Mount knows many of the key players in the referendum battle, from the men and women who wanted Britain to “take back control” – of its human rights, its bendy bananas, and, most of all, of its borders – to those who fought for Remain, not least among them David Cameron, who has the distinction of being Mount’s second cousin.
The Leavers provide the better story, of course, largely because they were, and in many cases still are, angrier than the Remainers, and loopier. There were spectacular tangles, fights, muggings, and Mount quite rightly does not delete the many expletives. All the Leavers worked ferociously hard, furthermore. “You were in by seven,” Cleo Watson, Vote Leave’s head of outreach, told Mount. “From March [2016], it was weekends, too. Everyone got really fat and there was borderline alcoholism going on.”
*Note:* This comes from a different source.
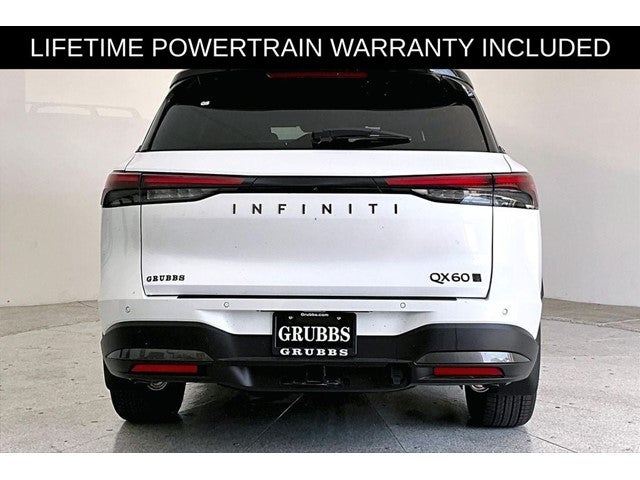 2027 INFINITI QX60 Autograph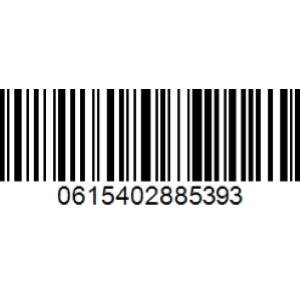 Lampada da tavolo in vetro dipinta Solar Flare h. 32 cm.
But the joke is sometimes on the Remainers, some of whom had clearly lost the plot. Mount recalls a swank party in the West End at which he found himself talking to a sophisticated-looking woman – fifties, elegant black dress, perfect bone structure – and made the mistake of admitting that he was for Brexit. She went completely bonkers. “How could you?” she shouted. “Do you know what France will do to you if your get your way?”
Mount did not know what the French would do to him, or to us, and neither, of course, did the woman.
Of the public figures backing Vote Leave, only Boris came out as a winner. When Michael Gove shocked everyone by declaring that he would challenge Boris in the Tory leadership campaign and Boris stood down, it looked as though it was all up for the former editor of the Spectator and Mayor of London (and, in his formative years, Brussels correspondent of the Daily Telegraph). Boris withdrew from the contest. It was a time of high comedy. In the end, however, Gove got nowhere. It was Theresa May who became PM and Boris who became Her Majesty’s Principal Secretary of State for Foreign and Commonwealth Affairs.
“Like some species of blond cockroach,” writes Harry Mount, “Boris survived the post-referendum nuclear fallout, while other Bullingdon Boys and the Notting Hill set were wiped off the face of the earth.”
Boris is still in the game, therefore, and will surely find space to make another bid for No 10. He might be good for the Remainers. After all, he genuinely loves Europe. OK, he might suffer occasionally from attention deficit disorder, but then most of us do.